**Material for the task**:
· · · ·

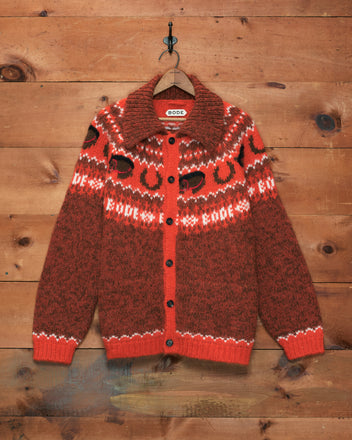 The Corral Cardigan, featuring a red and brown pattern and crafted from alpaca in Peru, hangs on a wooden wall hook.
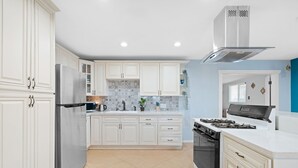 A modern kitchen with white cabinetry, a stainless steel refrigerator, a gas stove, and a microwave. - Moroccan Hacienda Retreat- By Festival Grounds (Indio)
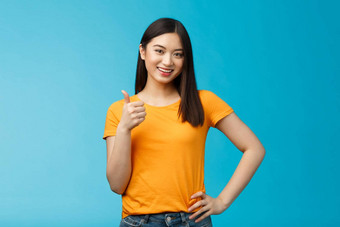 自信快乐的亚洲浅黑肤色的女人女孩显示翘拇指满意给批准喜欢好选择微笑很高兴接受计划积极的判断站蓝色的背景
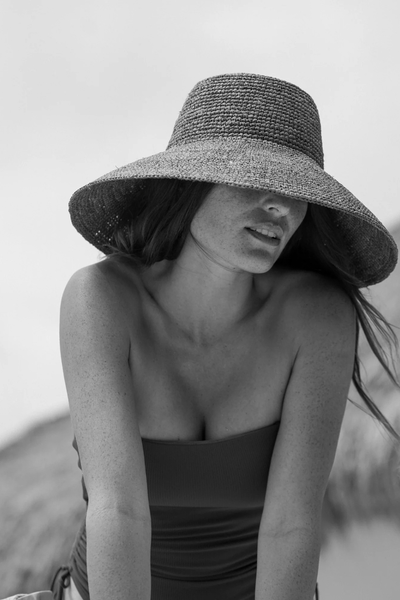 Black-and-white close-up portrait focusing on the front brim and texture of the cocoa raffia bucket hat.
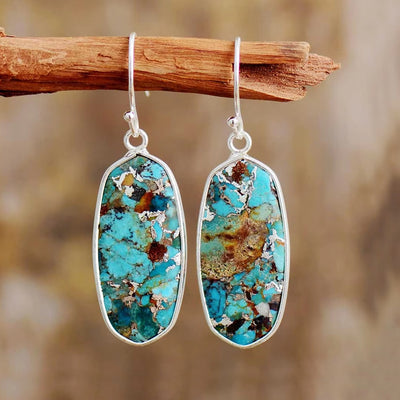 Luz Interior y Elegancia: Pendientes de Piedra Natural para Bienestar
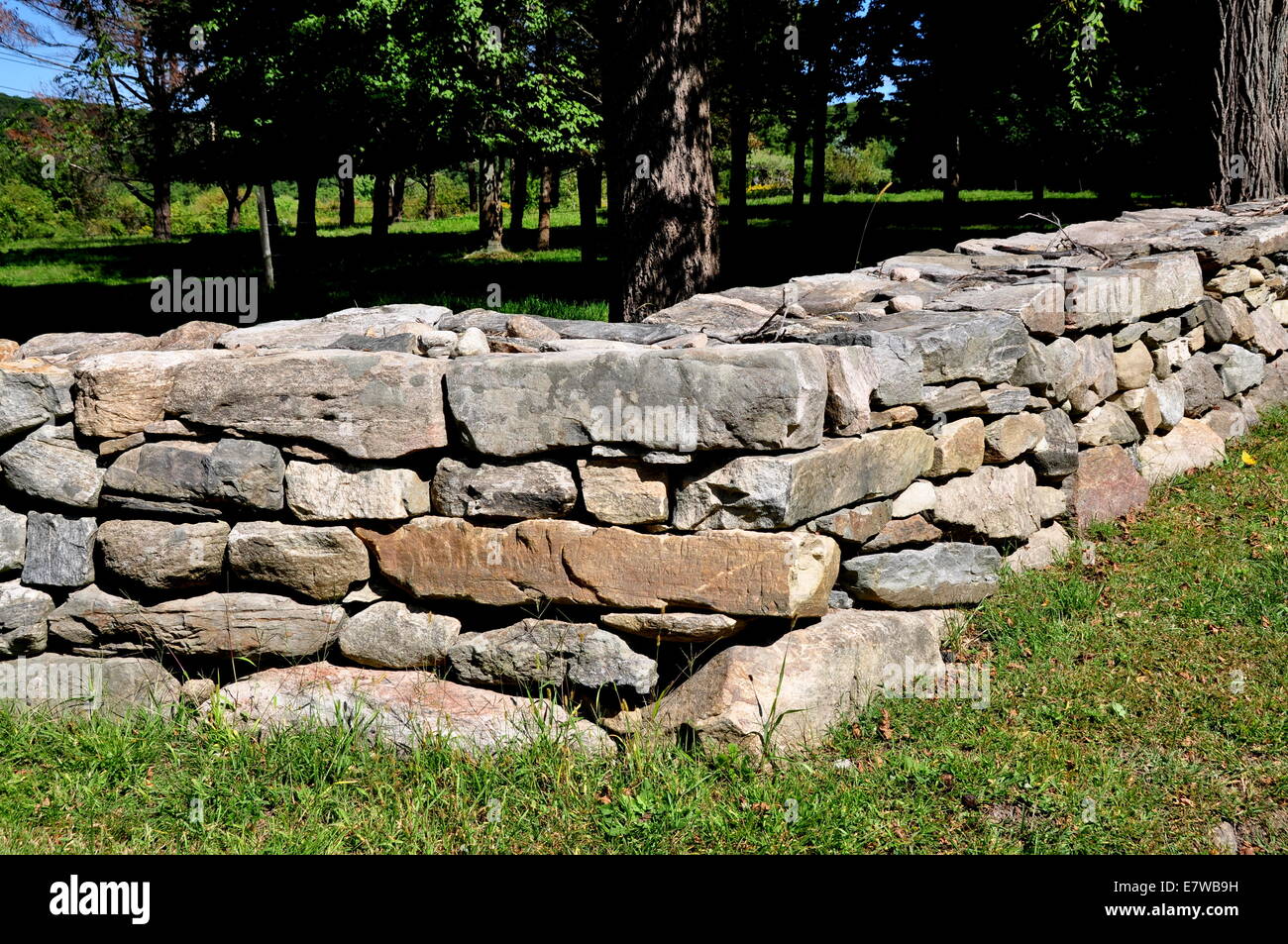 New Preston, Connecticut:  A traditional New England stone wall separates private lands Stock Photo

· · · ·

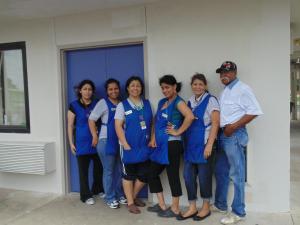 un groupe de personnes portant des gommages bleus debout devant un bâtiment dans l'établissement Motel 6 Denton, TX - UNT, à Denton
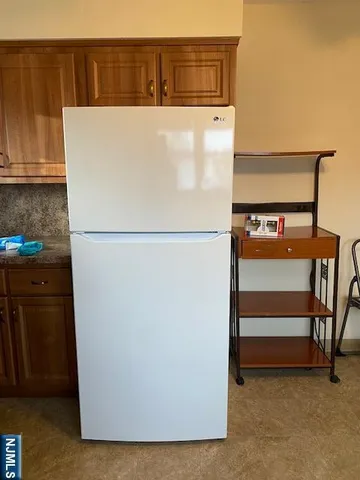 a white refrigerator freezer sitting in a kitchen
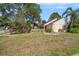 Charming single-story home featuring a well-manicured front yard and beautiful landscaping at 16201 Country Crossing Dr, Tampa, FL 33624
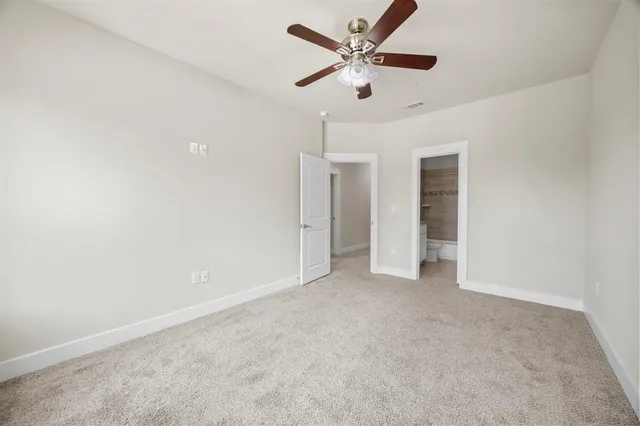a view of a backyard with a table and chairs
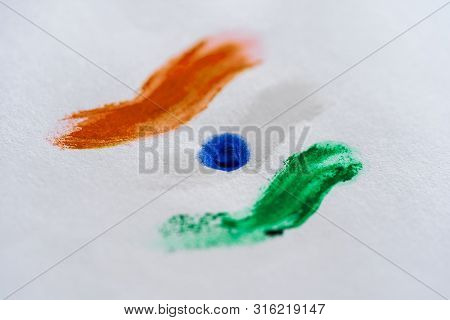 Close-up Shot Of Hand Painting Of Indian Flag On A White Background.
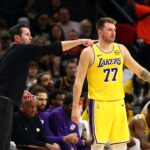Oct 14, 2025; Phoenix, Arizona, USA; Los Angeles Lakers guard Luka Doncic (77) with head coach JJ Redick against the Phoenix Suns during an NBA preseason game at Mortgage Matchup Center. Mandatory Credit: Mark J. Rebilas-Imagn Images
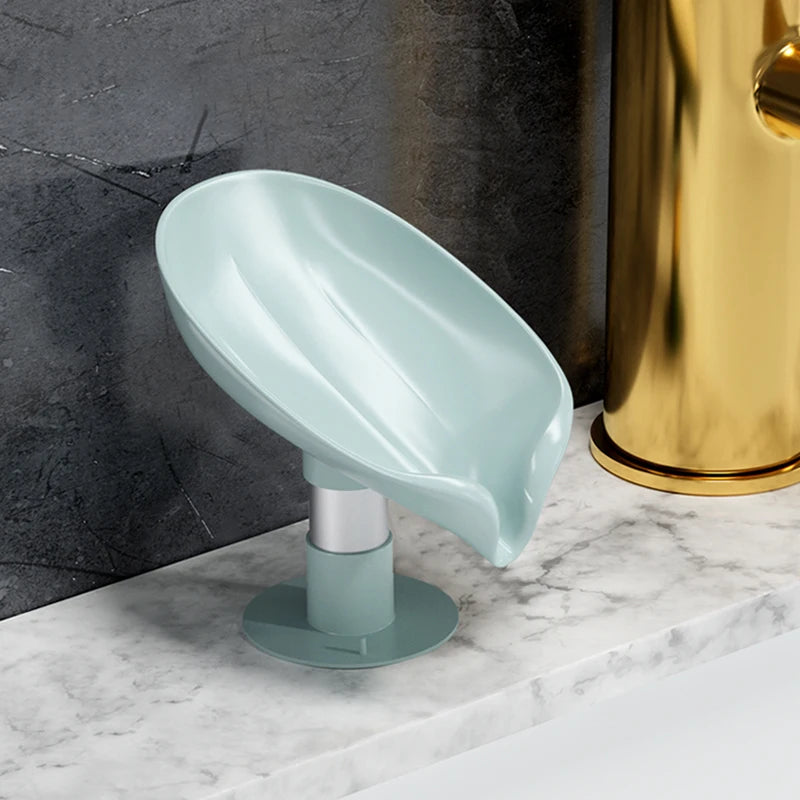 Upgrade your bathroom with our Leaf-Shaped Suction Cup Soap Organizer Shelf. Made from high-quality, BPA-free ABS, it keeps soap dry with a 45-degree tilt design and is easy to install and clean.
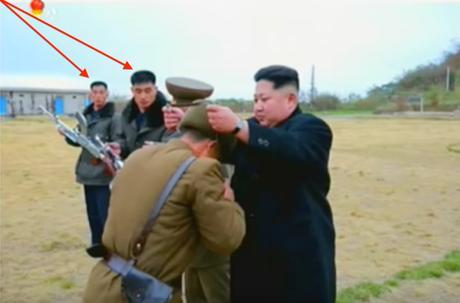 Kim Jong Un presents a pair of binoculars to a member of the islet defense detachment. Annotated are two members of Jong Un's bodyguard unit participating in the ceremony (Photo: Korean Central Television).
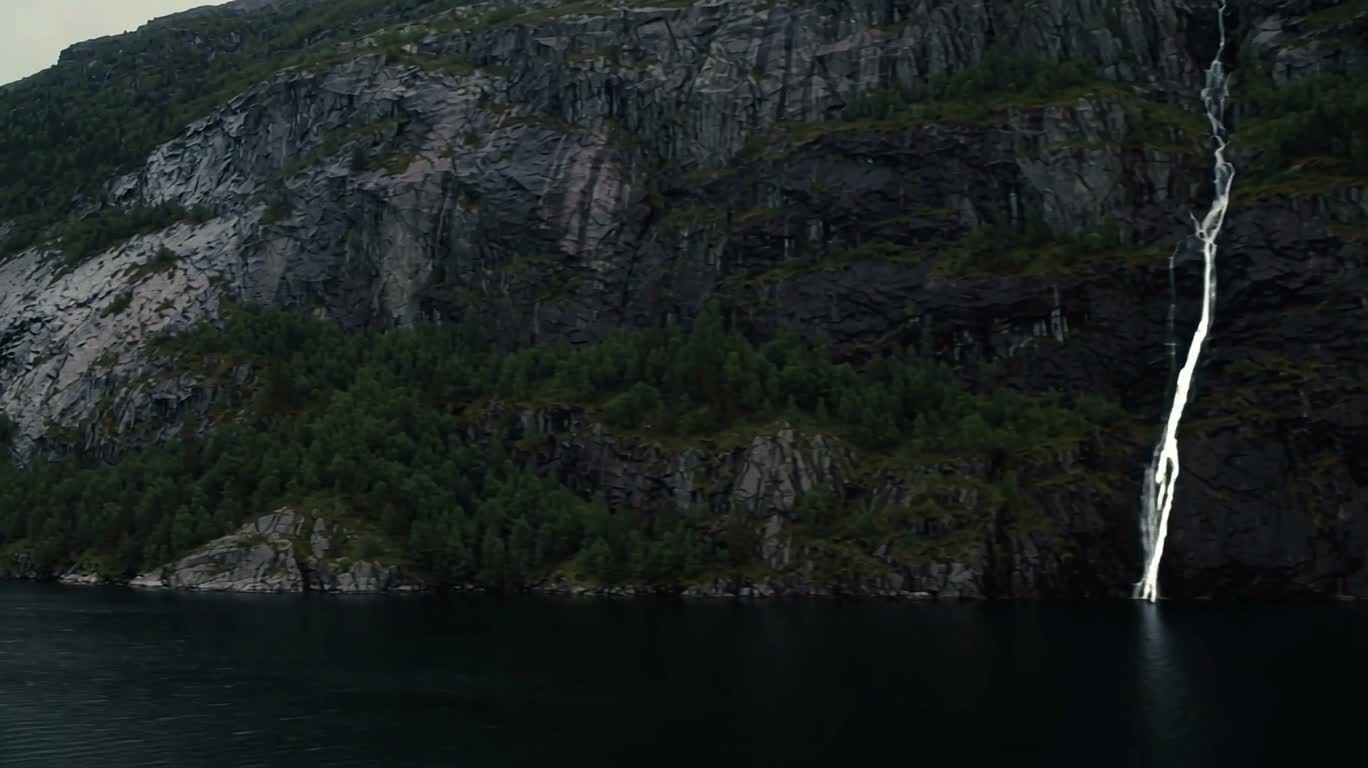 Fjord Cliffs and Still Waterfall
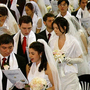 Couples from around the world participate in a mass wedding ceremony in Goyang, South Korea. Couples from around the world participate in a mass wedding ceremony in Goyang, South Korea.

· · · ·

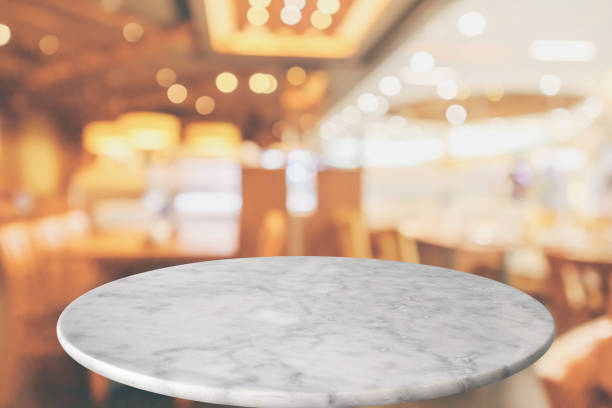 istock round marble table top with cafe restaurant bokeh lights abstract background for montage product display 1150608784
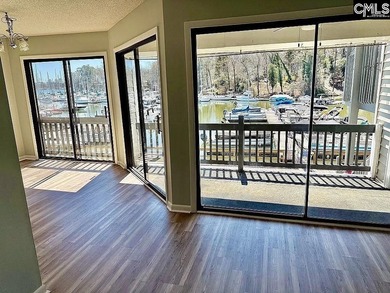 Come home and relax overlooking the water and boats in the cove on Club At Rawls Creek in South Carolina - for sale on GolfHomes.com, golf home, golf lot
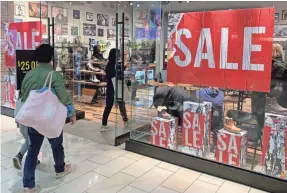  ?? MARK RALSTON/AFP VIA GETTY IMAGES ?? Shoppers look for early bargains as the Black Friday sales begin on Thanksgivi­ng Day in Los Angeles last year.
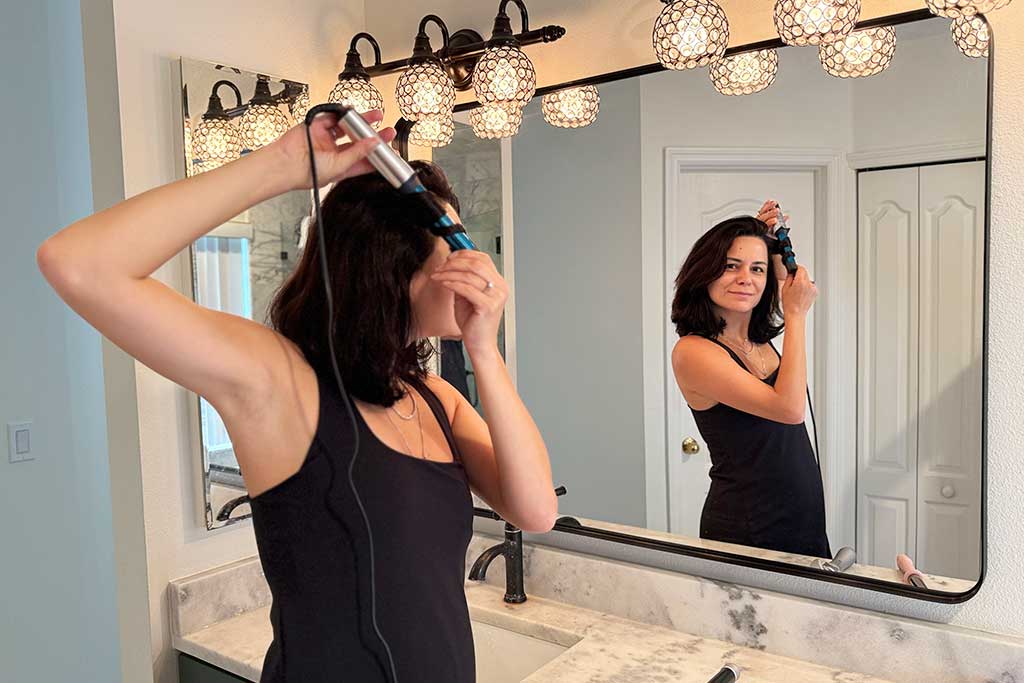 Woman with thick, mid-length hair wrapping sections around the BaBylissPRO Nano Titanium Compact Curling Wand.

· · · ·

**Task prompt**: A word-for-word reproduction is needed of the lines above from the line containing "The Corral Cardigan, featuring" through the line containing "A modern kitchen", with both ends kept and no pictures.

**Output for this task**:
 The Corral Cardigan, featuring a red and brown pattern and crafted from alpaca in Peru, hangs on a wooden wall hook.
 A modern kitchen with white cabinetry, a stainless steel refrigerator, a gas stove, and a microwave. - Moroccan Hacienda Retreat- By Festival Grounds (Indio)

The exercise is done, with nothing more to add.